Requirement:
Without any pictures, reproduce exactly the lines running from the line containing "توسعه کریدور شمال – جنوب" through the end of the entries.

Dataset excerpts:
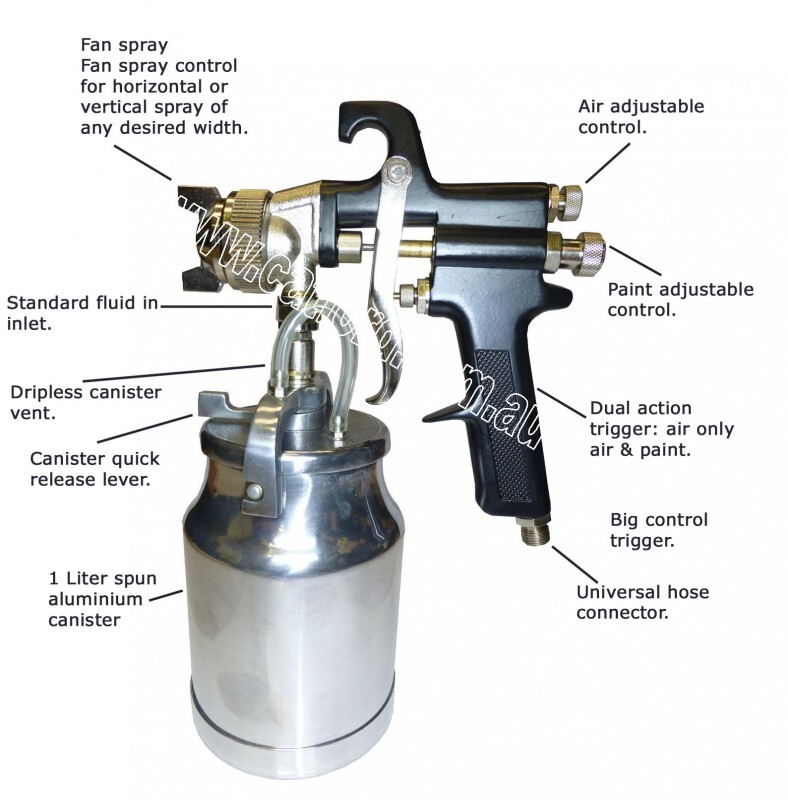 Air Paint Spray Gun High Pressure Pneumatic 1975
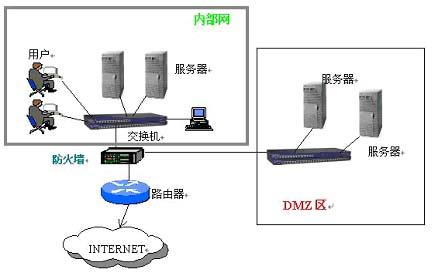 防火墙的dmz区应该放置什么服务器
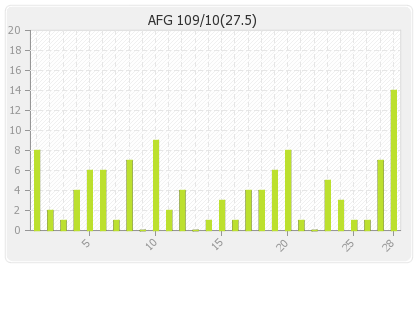 Afghanistan 1st Innings Runs Per Over Graph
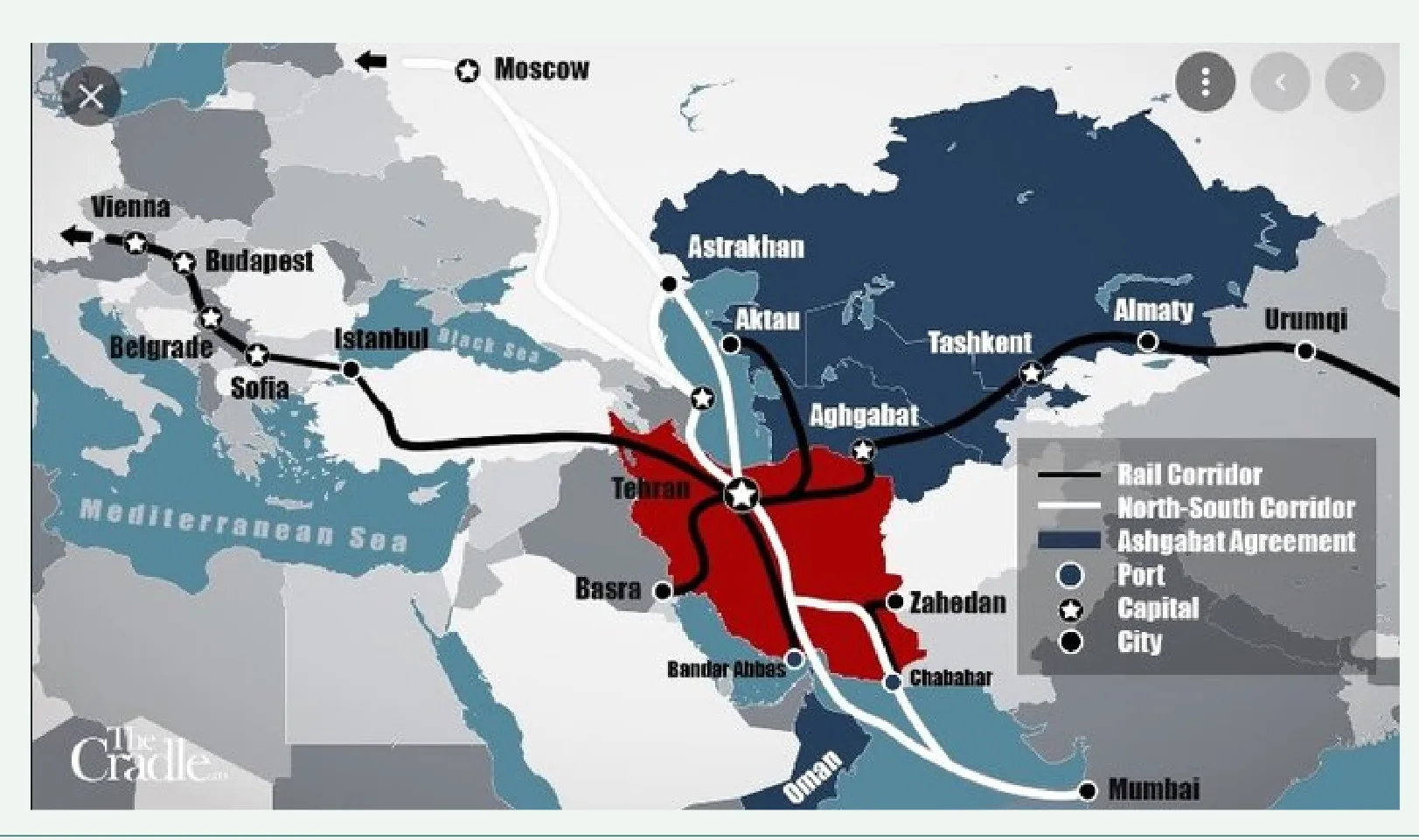 توسعه کریدور شمال – جنوب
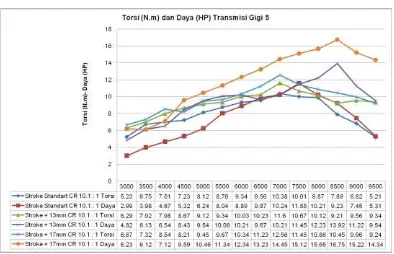 Gambar. 3c. Stroke Std, + 13mm dan 17mm Cr 10,1:1 pada Transmisi 5 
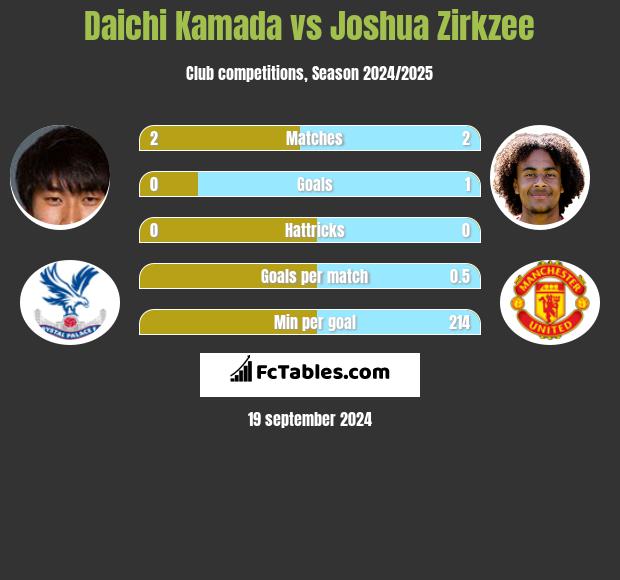 Daichi Kamada vs Joshua Zirkzee h2h player stats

Task answer:
 توسعه کریدور شمال – جنوب
 Gambar. 3c. Stroke Std, + 13mm dan 17mm Cr 10,1:1 pada Transmisi 5 
 Daichi Kamada vs Joshua Zirkzee h2h player stats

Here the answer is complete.